6. System according to claim 1, wherein said timing circuit comprises a transistor (Tr); means holding said transistor in blocked condition; means (R3) interconnecting the starter switch wiTh the base of the transistor; and a capacitor (C) connected in the transistor circuit between the collector and another electrode thereof.

7. System according to claim 1, wherein a source of supply (33, 52) is provided; said timing circuit comprises first and second transistors (85, 86) of similar conductivity type; a resistance (87) interconnecting the emitter of one transistor (85) to one supply source terminal (52) and a resistance (93) interconnecting the collector of said one transistor (85) to the other supply source terminal (33); a base resistance (88) connected from the base parallel to the emitter resistance (87) to the respective terminal of the supply source and holding said one of said transistors (85) in normally blocked state; means (94, 95) interconnecting the base of said normally blocked transistor (85) to the starter switch (96); and a capacitor (89) connected with one terminal to said switch-transistor interconnection means, the other terminal of said capacitor being connected to the collector electrode of the other transistor (86).

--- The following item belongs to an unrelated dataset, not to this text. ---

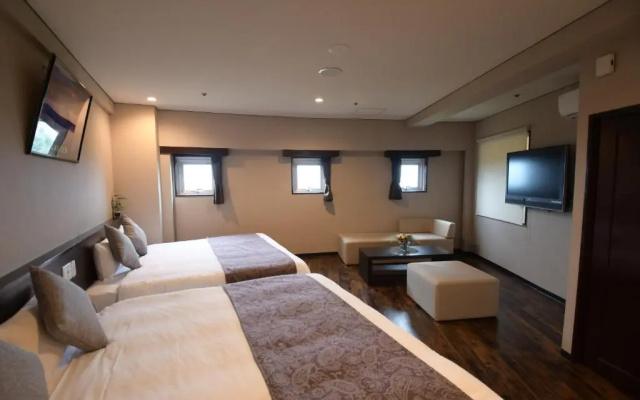Rycom Crystal Hotel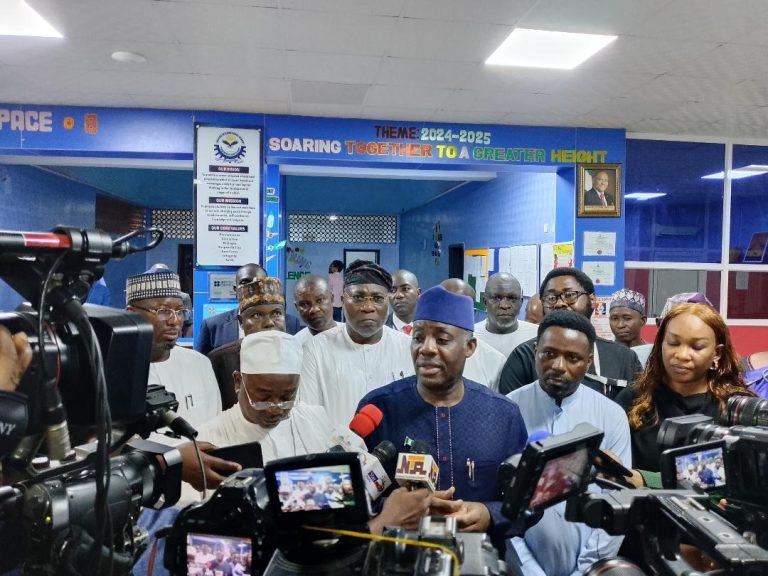 Nigerian Government to Deploy CBT Centres for NECO, WAEC Examinations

8. System according to claim 7, wherein said multiplying stage has a charging transistor (61) and a capacitor (60) having one terminal connected, in series, with the emitter-collector path of the charging transistor (61); a discharge transistor (62) connected to the other terminal of the capacitor (60); and means interconnecting the collector of said second transistor (86) of the timing circuit (30) to the base of the charging transistor (61) to increase the charging current to said charging transistor, and thus the pulse length of said extension pulse, upon conduction of said second transistor (86), as determined by the state of conduction of said first transistor (85).

9. System according to claim 1, wherein said timing circuit comprises a capacitor (89); a constant current supply circuit, and switching means being connected to affect a charge on the capacitor (89) upon closing of the starter switch (96); and means applying a current in dependence on the change of charge of said capacitor (89) to said multiplying stage and affecting the multiplying factor thereof.

10. System according to claim 1, wherein said control means comprises a first capacitor (60); means (61, 62) controlling the charging rate of said first capacitor; and said timing circuit (30) includes switching means (85, 86; Tr) and a further capacitor (89; C), said switching means interconnecting said further capacitor with said first capacitor (60) to affect the change of charge on the total capacitance in circuit with said control means upon operation of said switching means as determined by operation of the starter switch (96).

11. System according to claim 10, wherein said switching means comprises at least one transistor connected to be normally blocked, and to become conductive upon operation of said starter switch (96); said transistor being interconnected with said further capacitor (89) to provide a discharge path for said further capacitor (89) upon change of said transistor to conductive state, and to extend the time during which said means controlling the charge rate of said first capacitor (60) provides charging current.